Baiting is just one part of management of a property. We dont even hunt our bait sites unless it is one of the grand daughters. I also have around 35 acres of planted food plots. I also have some bedding cover - but bedding cover is overwhelming around my land. I need something to pull deer from others bedding cover onto my land. I live on my property - so I am unconcerned about my activity running the deer off. I use my land for hunting duck, dove, hogs, alligator, deer, squirrel, turkey, and coons. I catch crawdads, bullfrogs, and fish. I have no problem walking, hunting by a feed site at mid night with my coon dog and setting over a food plot a 7 am the next morning 100 yards away. I have over 4000 miles on my 3.5 yr old ranger - all on my 400 acres. That should tell anyone I drive around my property - a lot. My dog has treed a coon at mid night and the biggest buck on the place will be on camera in that food plot 15 minutes after we kill the coon.
I was an absentee landowner the first 8 yrs I owned the property. I made it to the property about every other weekend. I could tell the deer were much more nervous with my presence when they were accustomed to no one being there. Now, they hear or see me every day. Now, they often just stand and watch. I dont want to own a piece of property I think I have to keep off of.
I used to be dead set against baiting - I abhorred it. Then, I had grand daughters - five of them over time. Never baited in my life but we started so we could up the odds for the grand kids and give them a better shot selection. They all start hunting with a crossbow - another bad word. There is actually some science behind baiting. It is more than throwing some corn out on the ground.
In forty years hunting this state, I have never weighed a deer that hit 200 lbs - and I have weighed a lot because I used to help game and fish at their check stations - back when we had them. We started baiting seven years ago. In the last four years, we have killed three deer that weighed 200 plus - and two more in the 190’s. Use the bait to your advantage and grow some bigger deer. We have killed three deer over bait in seven years, one of those killed by an adult. Food plots are where we kill by far the bulk of the deer.

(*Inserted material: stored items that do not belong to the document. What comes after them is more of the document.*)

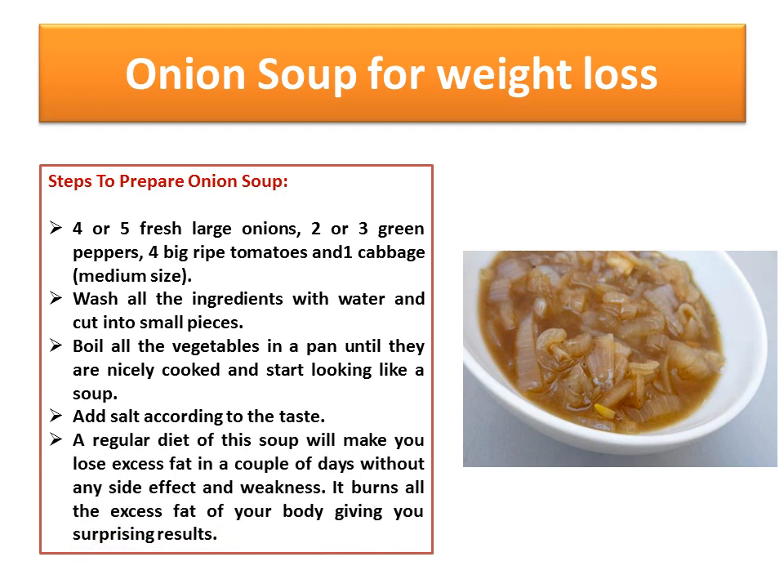A regular diet of this soup will make you lose excess fat in a couple of days without any side effect and weakness. It burns all the excess fat of your body.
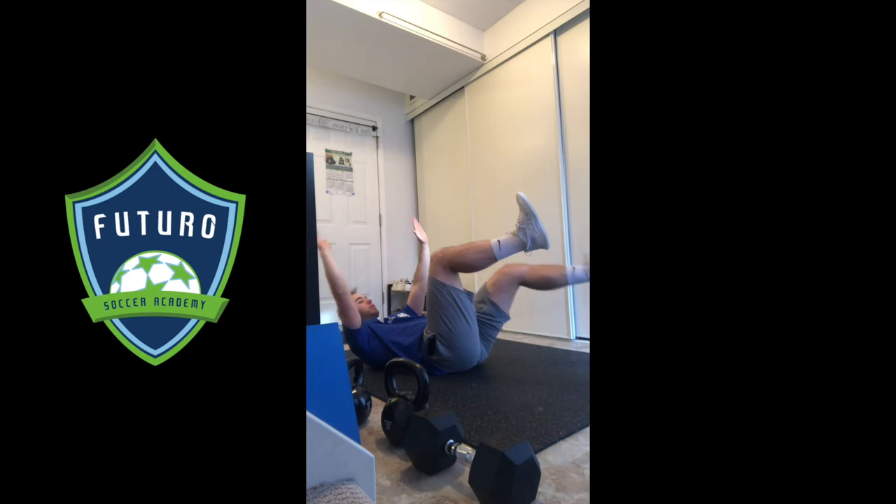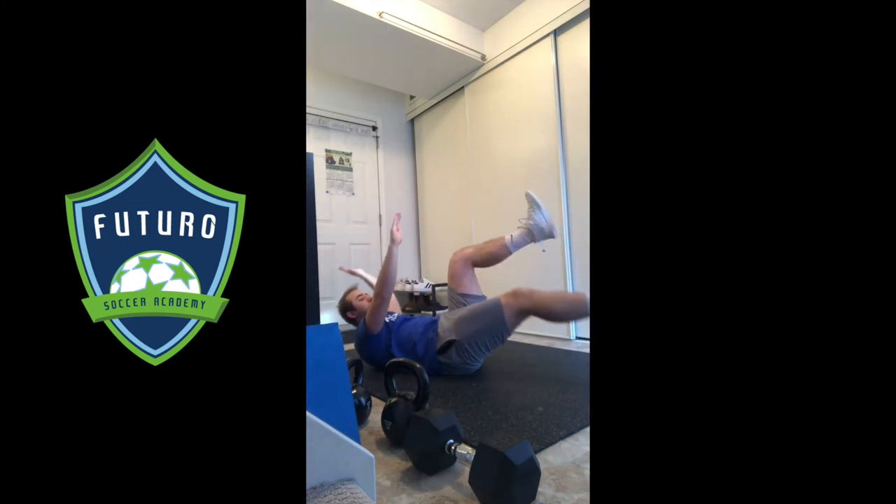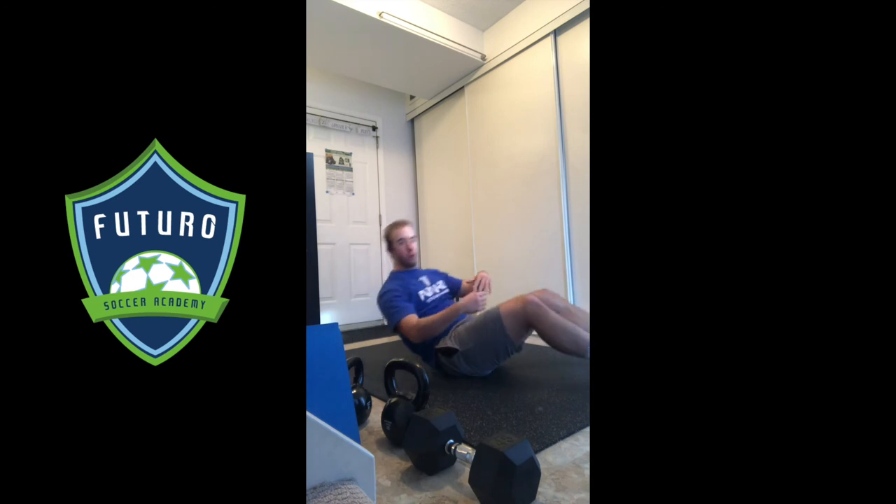Okay, we're going to extend opposite arm, opposite leg away, pull them back in, switch to the other side, back in. And our big focus here is pushing that low back into the floor as hard as we can — that's what switches on the core here.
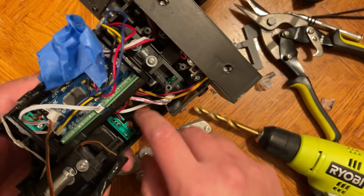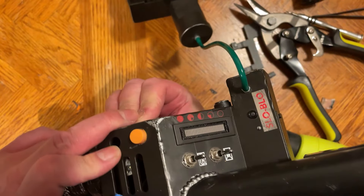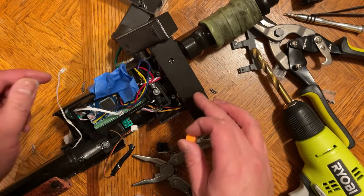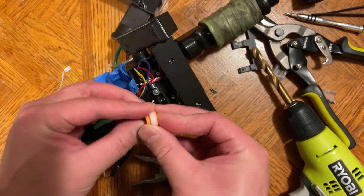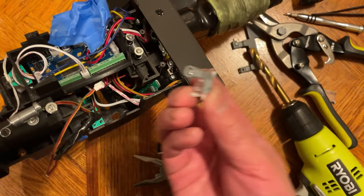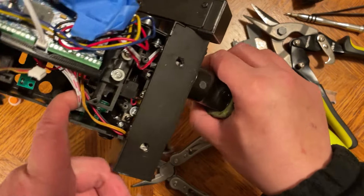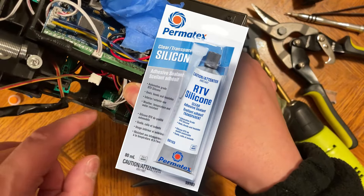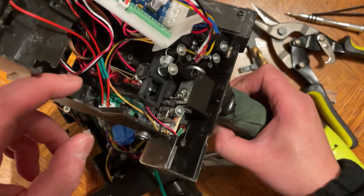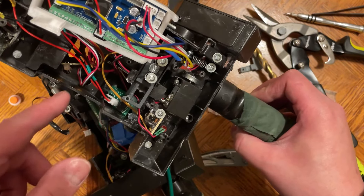So what I'm going to do instead is unscrew this vent light and then remove the clear plastic piece by removing the screw there. For this one I'm just going to say forget the clear plastic piece and go without it, then drill through from the other side — just very slowly and very gently.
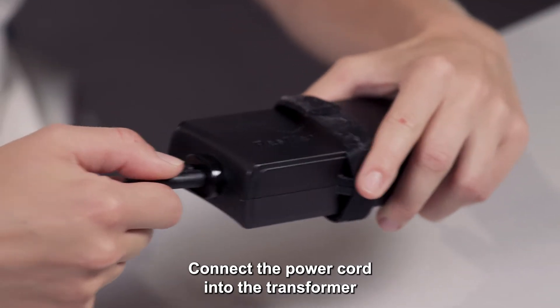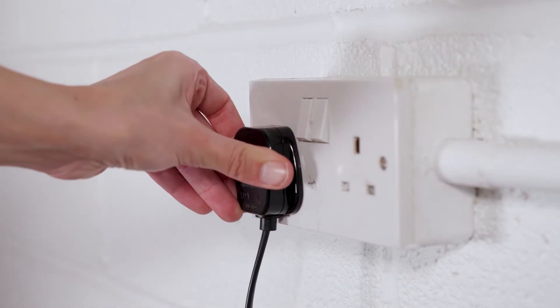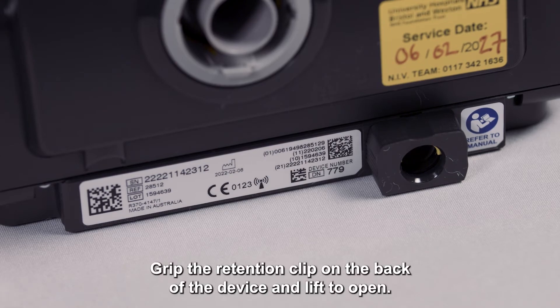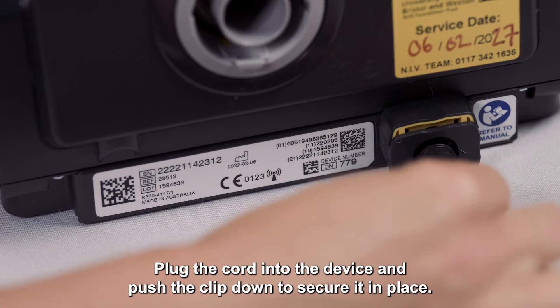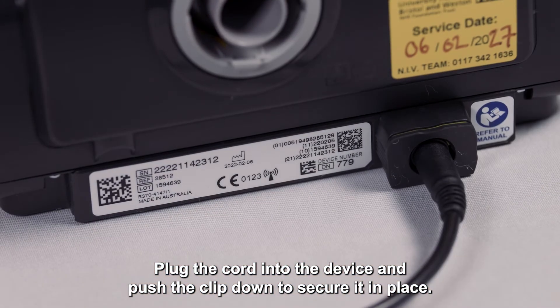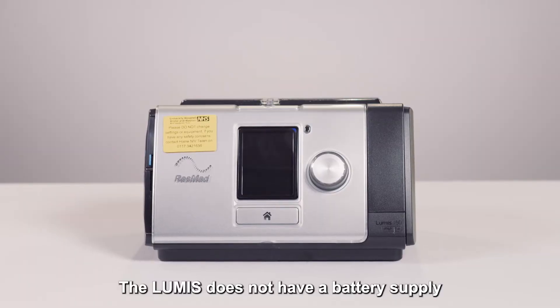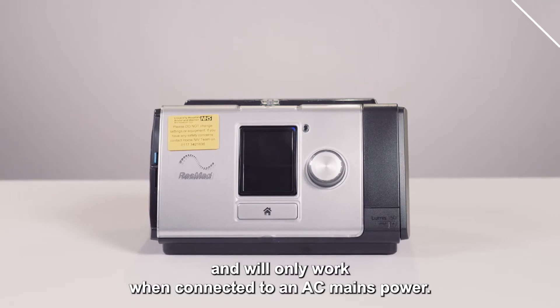Connect the power cord into the transformer and into an electrical power outlet. Grip the retention clip on the back of the device and lift to open. Plug the cord into the device and push the clip down to secure it in place. The Lumis does not have a battery supply and will only work when connected to AC mains power.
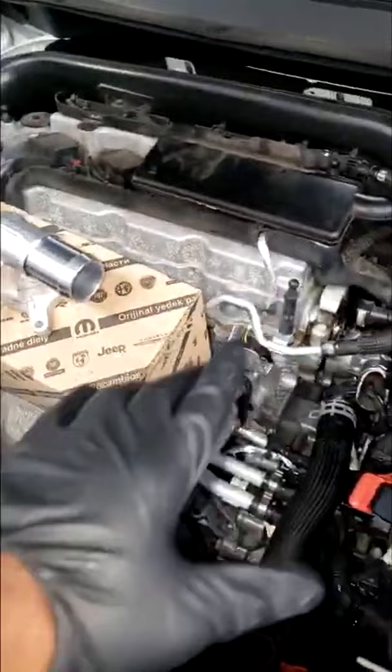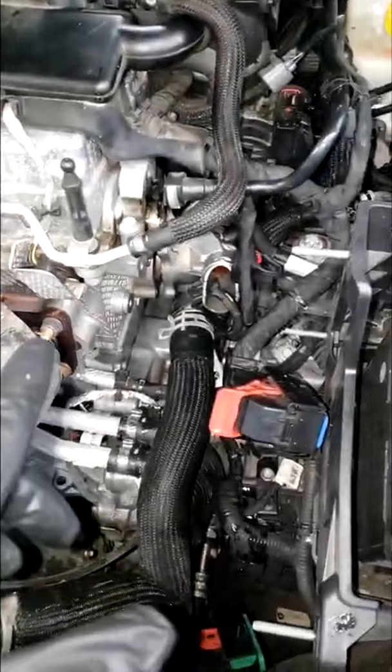Let's get it guys. Y'all see this thermostat? Y'all see this 2.4 multi-air? Everybody knows this thermostat is a pain to replace. So if I'm going to struggle to put this on, it's going to be a pain to get it on — why should I go through pain to get it off?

I know - it can be frustrating when your neighbors who do no deer management other than opening a bag of corn are killing all the big deer. I think they are actually more likely to kill a big deer on their 15 acres, because they only have one place to hunt and they are there when the deer shows up. I have dozens of places to hunt - and picking where the big buck will be is a total crapshoot - even if I was hunting over bait. I fought that for 15 years, working my butt off disking, planting, bush hogging, spraying, watering trees, hinge cutting, etc - only for a fifteen acre neighbor to kill the big deer. I finally gave in. Baiting has made our hunting more successful, even though we dont typically hunt over bait. Feeding has also made our deer larger.
Last year was a very typical year for our hunting. Understand the average mature buck here scores about 110. We had three bucks on our target list - not because of antler size - but because they were mature deer. My son killed a 148” buck 1/4 mile from our closest bait site. A next door neighbor killed a 153” buck that was basically living on our place - killed him on his corn pile. And a mid 130’s buck was not killed. I found both of his sheds. He is back this year. Very typical year for us - we kill a third, the neighbors kill a third, and a third get away.
I wish like heck they would ban baiting - but our game and fish believes baiting is necessary to get hunters to kill the harvest goal numbers for the state. It is part of the playing field here - like a bad hop in baseball. I fought it for a long time and then joined the crowd. I think you dont have but two choices - accept your neighbors killing most of the deer you grow, or bait to try to keep the deer on your property as much as you can - and improve your heard while doing it.